BRIEF:
Without any images, write the listing below out word for word.

DATASET SECTION:
================

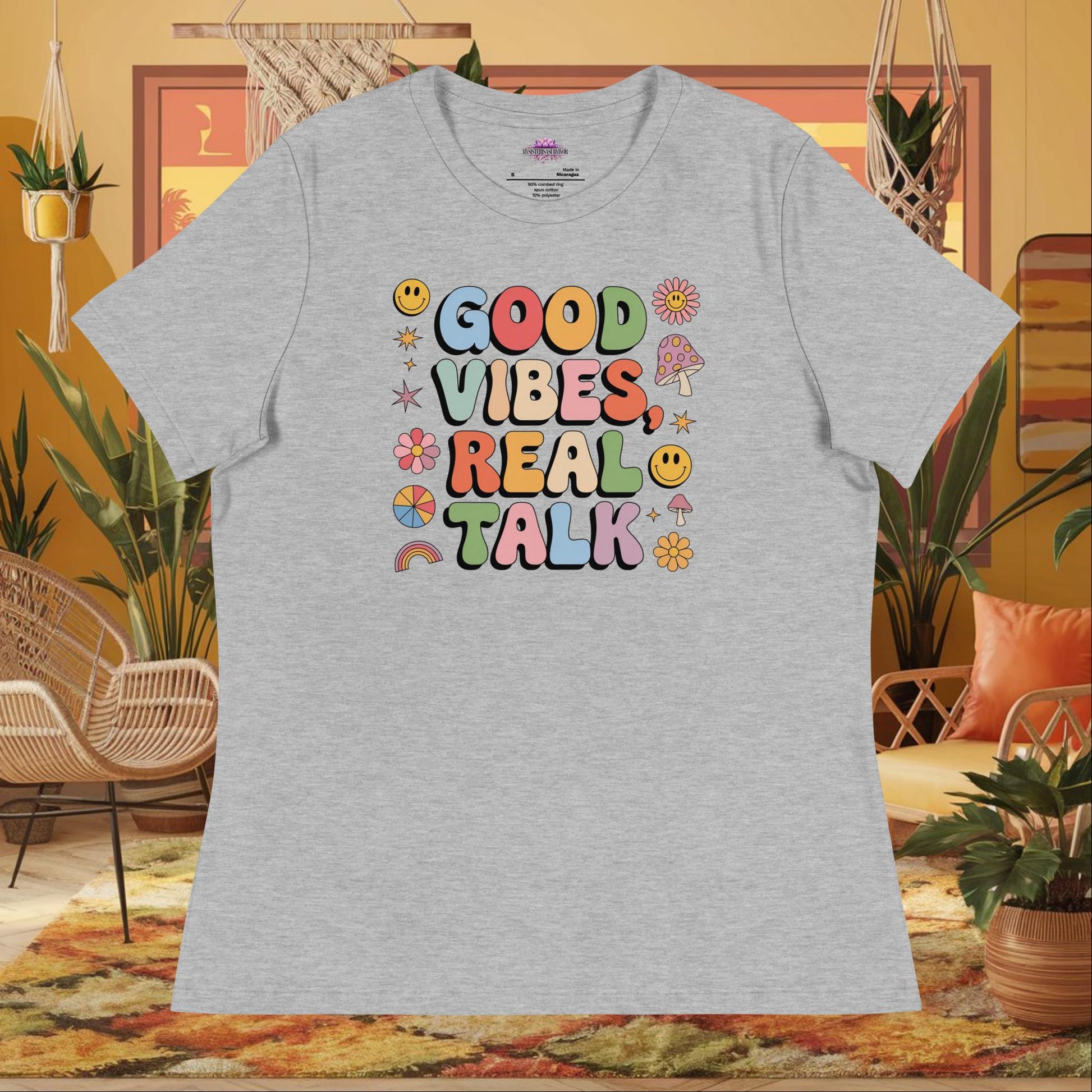 “Good Vibes, Real Talk” women’s relaxed t-shirt featuring a mental health healing affirmation design
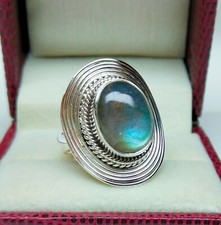 Labradorite Ring 925 Sterling Silver Handmade Gemstone jewelry Gift For Her R89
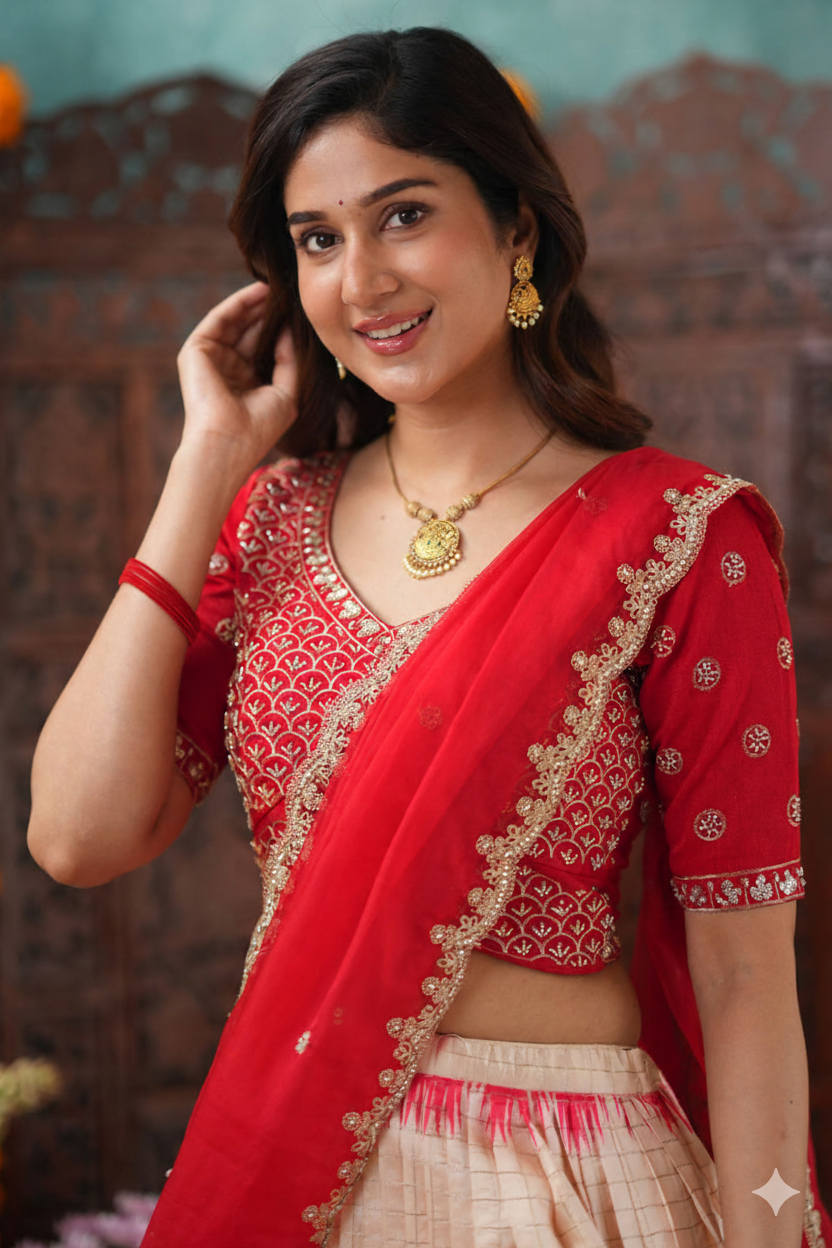 Red Checks Pattu Lehenga Set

================

ANSWER TO THE EXERCISE:
 “Good Vibes, Real Talk” women’s relaxed t-shirt featuring a mental health healing affirmation design
 Labradorite Ring 925 Sterling Silver Handmade Gemstone jewelry Gift For Her R89
 Red Checks Pattu Lehenga Set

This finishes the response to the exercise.